2. Similarly, when someone “comes out” about being LGBTQ, they often have a specific community in which to come out into. Whether that person has a local LGBTQ community or not, there are national LGBTQ communities, and they are visible. When a woman “comes out” about having an abortion, there is not similar community for her to join or imagine herself joining. There’s no national visibility. There isn’t even a word like lesbian, gay, bisexual, trans, or queer, for people who’ve had abortions. Abortion alum? Abortion-havers?

3. When there isn’t a local or national community, there also isn’t local or national support. It would be inaccurate to say that every person who comes out as LGBTQ has the support of their communities and those they love. Obviously this is not the case. But there are LGBTQ community centers, hotlines, support groups, shelters, pride parades, bars. There are very few support groups for women who’ve had abortions, and most of them are run by the anti-choice movement. There are three non-judgmental post-abortion support hotlines in the entire country (Backline, Exhale, and Connect & Breathe). Three for the 1.2 million women who have abortions every year. How can we ask women to “come out” about their abortions if we don’t invest in the infrastructure necessary to support them in their “coming out” process?

There are obvious overlaps in LGBTQ identity and “abortion-having” identities, and of course there are people who fit in both categories. But when we encourage people to “come out,” we have to ask ourselves: what are we asking them to come out INTO? If there’s no local or systemic support for people who have abortions, if we live in a culture entrenched in abortion stigma, what are the actual benefits of someone coming out about her abortion experience?

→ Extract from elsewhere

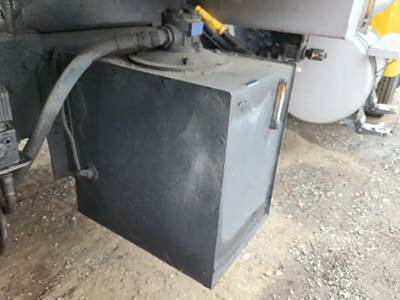 Sterling LT8500 Hydraulic Tank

I don’t think these differences mean we abandon abortion coming out as a destigmatization strategy or a culture shift strategy. But I think we’re going about it the wrong way. We can’t push people out of the abortion “closet” and off a cliff–with no systemic, cultural, or familial support. If we want people to come out, we have to invest in social support, and in figuring out what facilitates people coming out and why.

We have a lot to learn from the gay rights movement, but instead of copying and pasting their strategies, we need to adjust them to fit our movement’s realities. How?

  • Creating a group like PFLAG for abortion and establishing roles for people who are allies of women who have abortions
  • Continuing to specify what “coming out” means (for example, mothers telling daughters, friends telling friends, etc)
  • Addressing the lack of support for people who have abortions, and encouraging funders to invest in talklines, support groups,  community centers, or other support mechanisms (let’s ask people who have abortions what kind of support they want and need)
  • Figuring out how to help women who have abortions in finding one another
  • Addressing stigma by ensuring that all conversations about abortion involve how you would treat a person who has had one
  • Making sure that television and film representations show women not as alone or isolated in their abortion decisions, but instead, supported and loved
  • Listening to abortion stories, even ones that contradict your perspective or policy initiatives
  • Engaging thoughtfully in the comments section of first person abortion narratives online
  • Supporting your friends when they have abortions, and supporting them  if/when they decide to talk about their experience with others

The next time you see a pro-choice movement organization pushing a “coming out” campaign, ask yourself: are they supporting the people they’re asking to come out? How? Why are they asking people to come out? We can’t expect people to take a risk if we’re not willing to support them in taking that risk.

Full disclosure: I’ve written about comparing movements before in a very simplistic post. I’m hoping this post complicates my previous argument a bit.